Peter Cobbin is an Australian audio engineer and producer. He served as chief engineer of Abbey Road Studios from 1995 to the mid-2010s, during which he became the first engineer to remix music by the Beatles, remixing their 1999 compilation album Yellow Submarine Songtrack. He has recorded and mixed scores for a number of films, including The Lord of the Rings: The Return of the King (2002), several entries in the Harry Potter and Wizarding World franchise, and the Hobbit trilogy (2012–14).

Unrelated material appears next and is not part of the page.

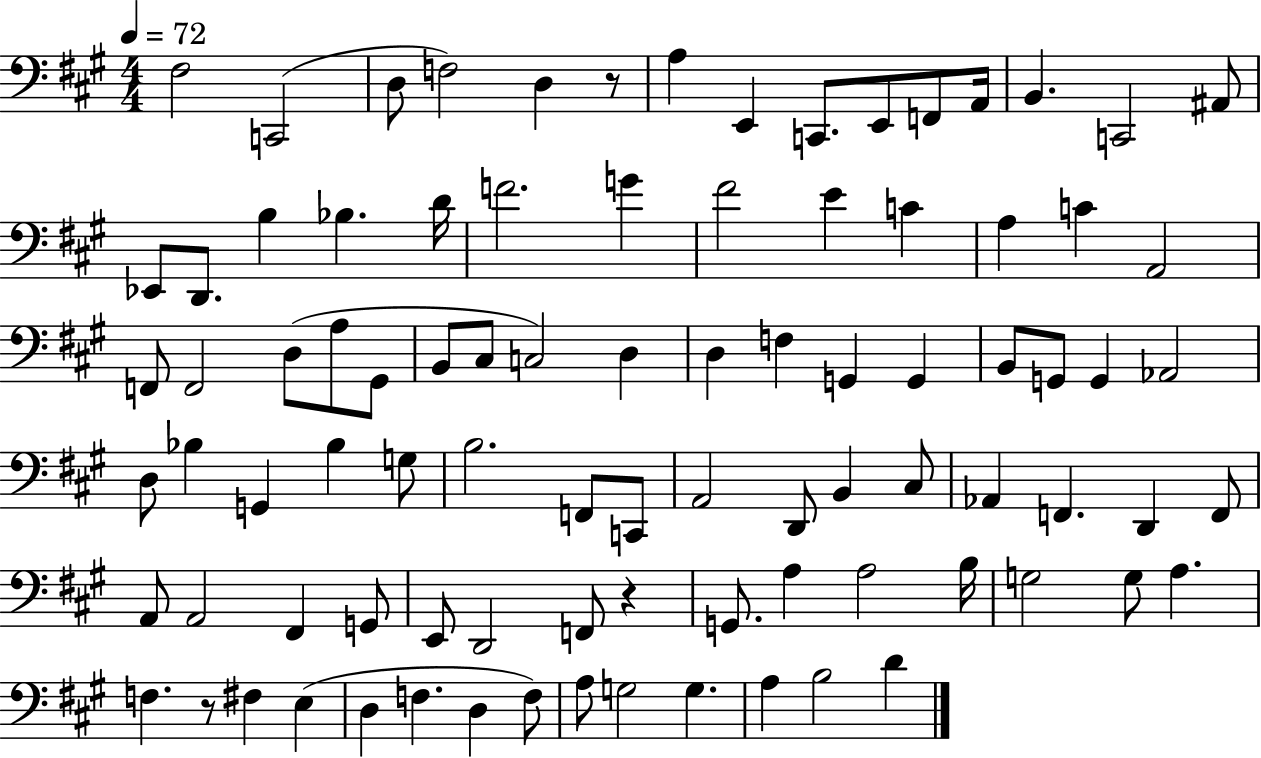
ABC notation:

Prior to his tenure at Abbey Road, Cobbin worked as a mix specialist in Sydney, Australia, training at Studios 301. As Abbey Road's senior recording engineer, he helped rediscover and restore some of the company's vintage equipment for use in contemporary projects. Alongside fellow Abbey Road engineer Kirsty Whalley, Cobbin served as associate music director for the 2012 Summer Olympics opening ceremony. Cobbin and Whalley eventually left Abbey Road Studios and established their own audio mixing company, Such Sweet Thunder. Cobbin has continued to record and mix film scores with Whalley, with the duo working together on such Marvel Studios films as Avengers: Endgame and Spider-Man: Far From Home (both 2019).

Artists with whom Cobbin has worked include Air, Amy Winehouse, Annie Lennox, Bjork, Ed Sheeran, Emeli Sandé, Eurythmics, Florence and the Machine, Freddie Mercury, Janet Jackson, Luciano Pavarotti, Kanye West, Kate Bush, Paul McCartney, Mark Knopfler, Mick Jagger and The Basics.

==Career==
===Early career===
Cobbin worked as mix specialist in his native city of Sydney, Australia, receiving training at Studios 301. He also worked as a tape op, assisting in recording sessions for such musicians as Bob Dylan, Duran Duran, Elton John, and Tom Petty.

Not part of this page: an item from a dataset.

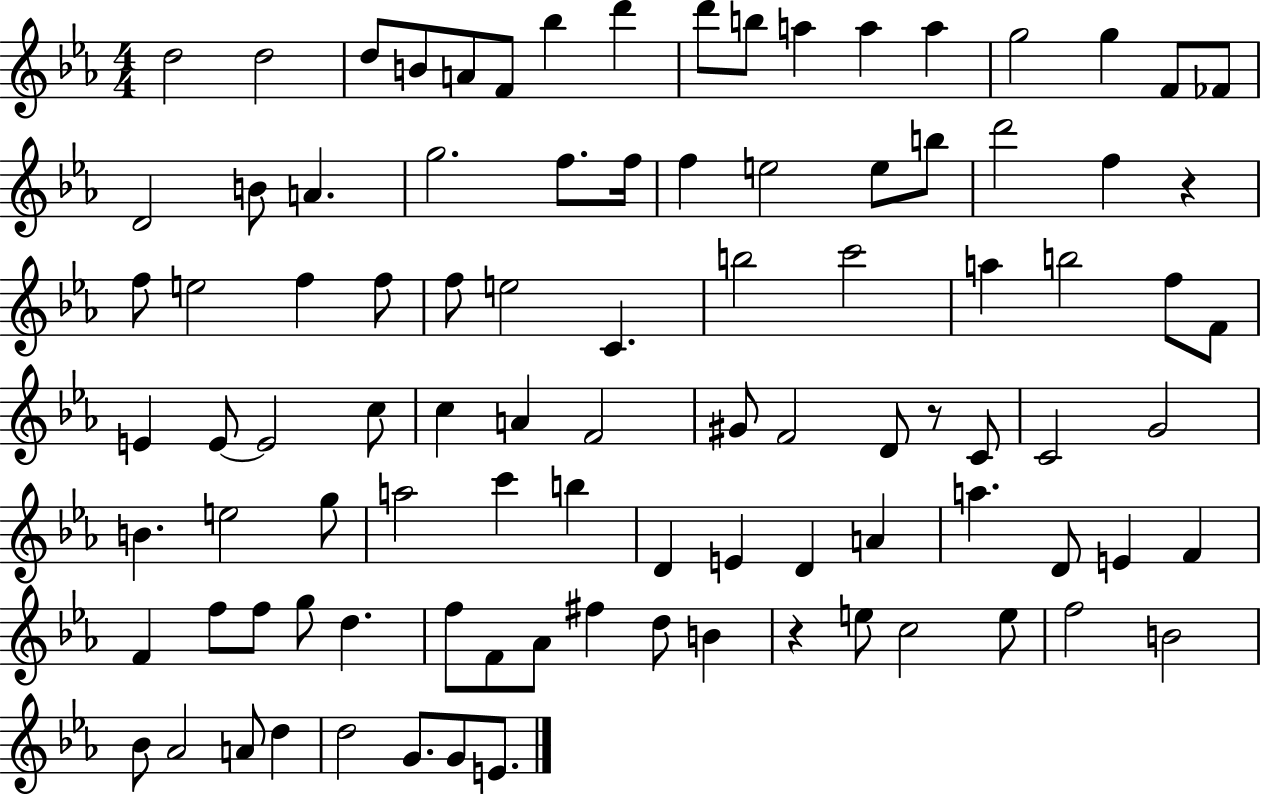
D5/h D5/h D5/e B4/e A4/e F4/e Bb5/q D6/q D6/e B5/e A5/q A5/q A5/q G5/h G5/q F4/e FES4/e D4/h B4/e A4/q. G5/h. F5/e. F5/s F5/q E5/h E5/e B5/e D6/h F5/q R/q F5/e E5/h F5/q F5/e F5/e E5/h C4/q. B5/h C6/h A5/q B5/h F5/e F4/e E4/q E4/e E4/h C5/e C5/q A4/q F4/h G#4/e F4/h D4/e R/e C4/e C4/h G4/h B4/q. E5/h G5/e A5/h C6/q B5/q D4/q E4/q D4/q A4/q A5/q. D4/e E4/q F4/q F4/q F5/e F5/e G5/e D5/q. F5/e F4/e Ab4/e F#5/q D5/e B4/q R/q E5/e C5/h E5/e F5/h B4/h Bb4/e Ab4/h A4/e D5/q D5/h G4/e. G4/e E4/e.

===At Abbey Road Studios===
In 1995, Cobbin moved from Australia to London to work as senior recording engineer at Abbey Road Studios.

Coinciding with a re-release of the 1968 animated film Yellow Submarine, Cobbin was tasked with remixing songs by the Beatles to be included in a compilation album titled Yellow Submarine Songtrack. This involved creating a stereo mix for the film's soundtrack, which was originally in mono, and a 5.1 surround sound mix that could be shown in theaters and utilized for home video.

During his tenure at Abbey Road, Cobbin sought to highlight past equipment and technical innovations introduced by EMI, the company which owned the studio from 1931 to 2013, as a means of celebrating the company's heritage and benefiting contemporary projects. In partnership with the EMI archive trust, Cobbin helped rediscover and restore some of the company's older equipment for use in newer projects. This involved the removal of gear from storage, and led to the marketing of hardware and software recreations of vintage equipment used at Abbey Road, including compressors and limiters.

Cobbin recorded and mixed scores for films like The Lord of the Rings: The Return of the King (2003), several installments in the Harry Potter and Wizarding World franchise, and the Hobbit trilogy (2012–14). Alongside fellow Abbey Road engineer Kirsty Whalley, he served as associate music director for the 2012 Summer Olympics opening ceremony.

Cobbin was involved with the recording and mixing of the score for the 2010 film The King's Speech, which utilized old microphones made by EMI, including five made for King George V, one of which was also used by King George VI. According to Lester Smith, technical engineer and custodian of Abbey Road Studios' microphone collection, "There were actually five microphones, and Peter asked me to try and get them working. After being silent for 70 years, this was a very special opportunity to have a go."

===Such Sweet Thunder===
Cobbin and Whalley eventually left Abbey Road Studios and formed their own company, Such Sweet Thunder, which allows clients to utilize their Dolby Atmos mixing room in North London. Regarding the transition from Abbey Road to their own enterprise, Cobbin stated, "It was scary to make the move. Abbey Road was our safety net. The name sells itself and that was a big thing to let go. But it was also about us having a quiet ambition to do something great because for years we'd had very specific ideas about transforming our mix room and changing how we worked with our clients. The only way to pull all that together and do something positive was to step outside our comfort zone."

In 2019 Cobbin and Whalley recorded and mixed scores for such films as Spider-Man: Far From Home, Knives Out, Jojo Rabbit, Maleficent: Mistress of Evil, The Two Popes, and Little Women.